Muscles expand by an increase in the number of myofibers (hyperplasia), which mainly occurs during the embryonic period, and an increase in the size of myofibers (hypertrophy), which is accompanied by enhanced protein synthesis and occurs primarily after hatching [45]. Using the hcluster approach, genes related to energy metabolism, protein metabolism, RNA processes, and skeletal muscle development were found to have similar expression profiles in both breeds. Functionally similar genes tend to exhibit co-expression patterns [46]. In this study, the genes related to skeletal muscle development, including 10 TF genes essential for myogenesis, such as MYOG, HEY1, and SOX8 [47, 48], had similar expression patterns in the breast muscle of both breeds. However, this approach did not identify muscle-related genes which exhibited different transcriptional characteristics between the two breeds.

PCA is often used to assess the degree of differences between groups in transcriptome studies, which are mainly related to the top contributing transcripts for each PC. The greater is the difference in gene expression levels between two groups, the greater is the separation between the groups based on PCA. Previous PCA of developmental axes enabled the discovery of differences in time-series transcriptomes between different treated groups [33]. In this study, developmental axis was used to identify key periods and key genes that contribute to differences in muscle development between the two breeds. The period from 1 to 3 weeks old was considered as the key developmental stage that contributes to differences in breast muscle development between LS chicken and AA broiler, as demonstrated by the analysis of the developmental axis based on molecular expression characteristics. These findings are consistent with the morphological differences observed at these stages between the two breeds.

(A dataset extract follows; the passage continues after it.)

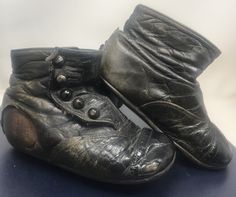 an old pair of black leather shoes sitting on top of a table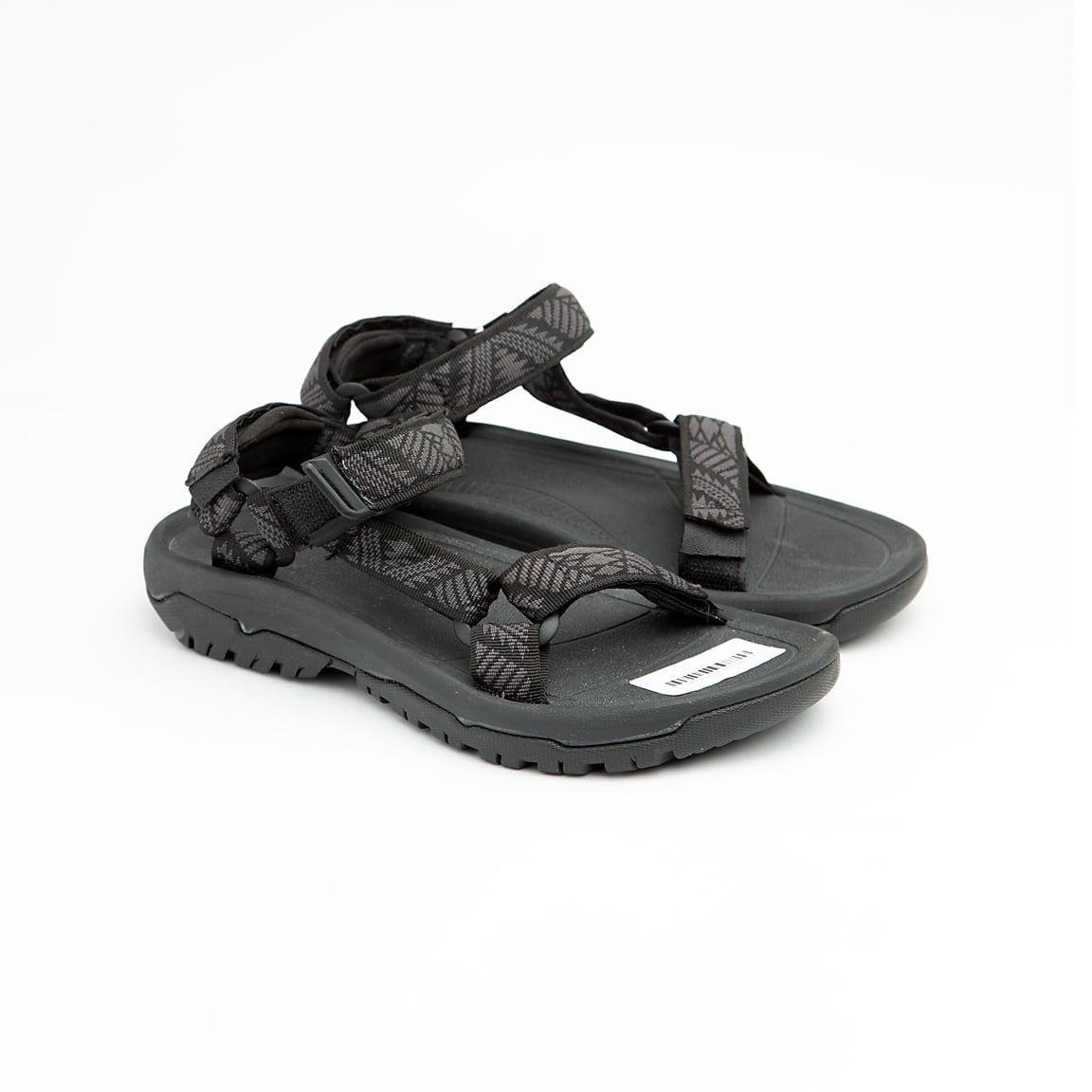 Black all-terrain unisex sport sandals with patterned adjustable straps and rugged rubber sole.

Using gene sets generated from the combined study of developmental axes and DET, it was possible to identify candidate genes that may be responsible for the differences in muscle mass between the two chicken breeds. Putative PPI analysis revealed several upregulated genes in AA broiler, that play pivotal roles in regulating muscle growth and hypertrophy as strong stimulators of myoblast and satellite cell proliferation and differentiation, such as TNNT3 [49], MUSTN1 [50], HOXP [51], ANXA2 [52], and AK1 [53]. In addition, the EEF1A2 gene, which encodes a protein involved in the elongation step of protein synthesis [54], as well as the RPS14 and RPS29 genes, which encode ribosomal proteins [55], can respond to the mTOR signaling pathway and subsequently regulate the accumulation of proteins in skeletal muscle, thereby leading to myofiber hypertrophy [56, 57]. Therefore, these genes could be considered candidates for improving muscle mass in indigenous chicken.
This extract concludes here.